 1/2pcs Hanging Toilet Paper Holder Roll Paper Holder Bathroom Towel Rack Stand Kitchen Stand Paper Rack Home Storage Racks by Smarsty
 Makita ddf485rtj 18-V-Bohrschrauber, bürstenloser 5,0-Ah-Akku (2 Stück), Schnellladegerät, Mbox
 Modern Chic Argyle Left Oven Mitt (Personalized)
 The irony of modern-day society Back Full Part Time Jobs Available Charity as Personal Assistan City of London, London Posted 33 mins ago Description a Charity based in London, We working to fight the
* * *
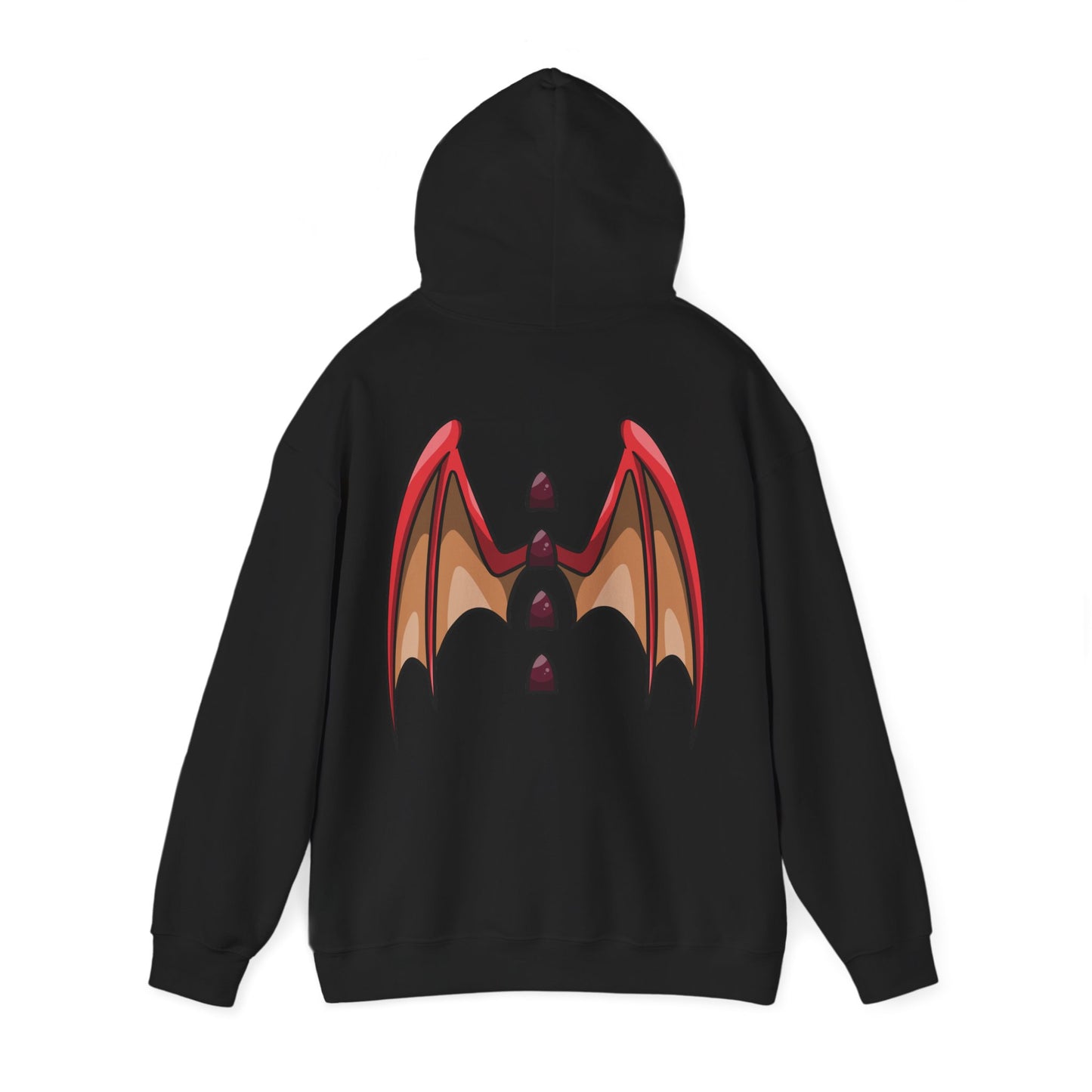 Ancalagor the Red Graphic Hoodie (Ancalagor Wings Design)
...
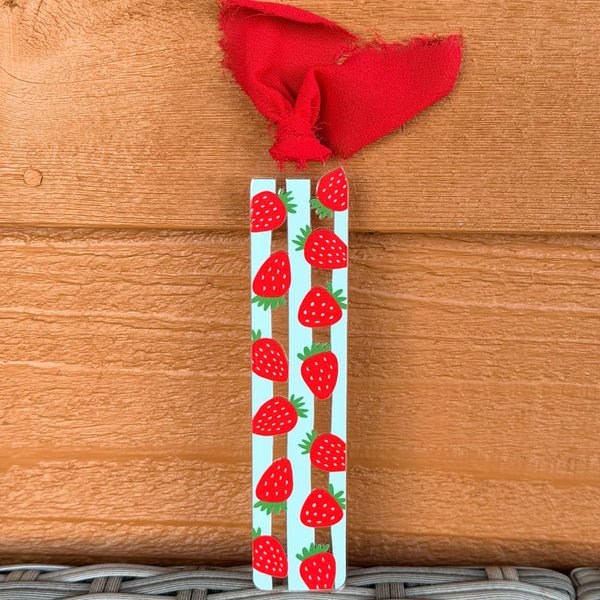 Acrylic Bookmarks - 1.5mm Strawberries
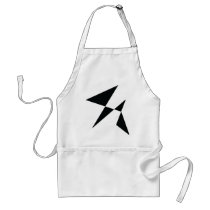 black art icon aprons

* **Problem to work on**
Using the records above, return word for word the lines that begin at the one containing "Acrylic Bookmarks - 1.5mm Strawberries" and end at the one containing "black art icon aprons", both of them included and no pictures.

* **Exercise output**
 Acrylic Bookmarks - 1.5mm Strawberries
 black art icon aprons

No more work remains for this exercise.